(Beginning of Task inputs)
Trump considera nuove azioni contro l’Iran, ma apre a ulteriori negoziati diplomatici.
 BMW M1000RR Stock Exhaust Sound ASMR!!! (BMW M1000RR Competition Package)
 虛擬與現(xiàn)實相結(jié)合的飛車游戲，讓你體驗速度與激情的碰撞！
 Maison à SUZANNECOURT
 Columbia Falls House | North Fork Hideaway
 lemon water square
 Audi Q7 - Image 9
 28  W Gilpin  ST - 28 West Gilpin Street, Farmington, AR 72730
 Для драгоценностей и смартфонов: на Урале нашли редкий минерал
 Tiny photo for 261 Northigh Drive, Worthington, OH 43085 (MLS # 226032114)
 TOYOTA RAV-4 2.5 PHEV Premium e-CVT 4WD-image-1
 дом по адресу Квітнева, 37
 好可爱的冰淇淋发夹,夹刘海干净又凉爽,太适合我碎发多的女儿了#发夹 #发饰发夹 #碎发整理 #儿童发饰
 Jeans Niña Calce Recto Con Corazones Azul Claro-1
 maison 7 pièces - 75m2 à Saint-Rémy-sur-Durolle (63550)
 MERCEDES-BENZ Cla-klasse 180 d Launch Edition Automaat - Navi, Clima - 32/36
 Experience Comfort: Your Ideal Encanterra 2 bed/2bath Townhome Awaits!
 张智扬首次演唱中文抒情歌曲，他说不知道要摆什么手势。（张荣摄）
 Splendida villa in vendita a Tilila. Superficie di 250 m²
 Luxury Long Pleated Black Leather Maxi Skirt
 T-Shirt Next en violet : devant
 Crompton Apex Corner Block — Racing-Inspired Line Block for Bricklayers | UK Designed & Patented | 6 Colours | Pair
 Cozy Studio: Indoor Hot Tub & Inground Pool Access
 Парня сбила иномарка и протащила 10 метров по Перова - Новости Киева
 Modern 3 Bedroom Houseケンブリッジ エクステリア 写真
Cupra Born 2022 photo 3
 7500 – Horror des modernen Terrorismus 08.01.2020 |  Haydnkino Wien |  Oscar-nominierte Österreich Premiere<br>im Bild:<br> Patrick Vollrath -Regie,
(End of Task inputs)
● **What you should do**
Return, unchanged, the run of lines above that opens with the line containing "Crompton Apex Corner" and closes with the line containing "Cupra Born 2022 photo 3". Include both.

● **Problem solution**
 Crompton Apex Corner Block — Racing-Inspired Line Block for Bricklayers | UK Designed & Patented | 6 Colours | Pair
 Cozy Studio: Indoor Hot Tub & Inground Pool Access
 Парня сбила иномарка и протащила 10 метров по Перова - Новости Киева
 Modern 3 Bedroom Houseケンブリッジ エクステリア 写真
Cupra Born 2022 photo 3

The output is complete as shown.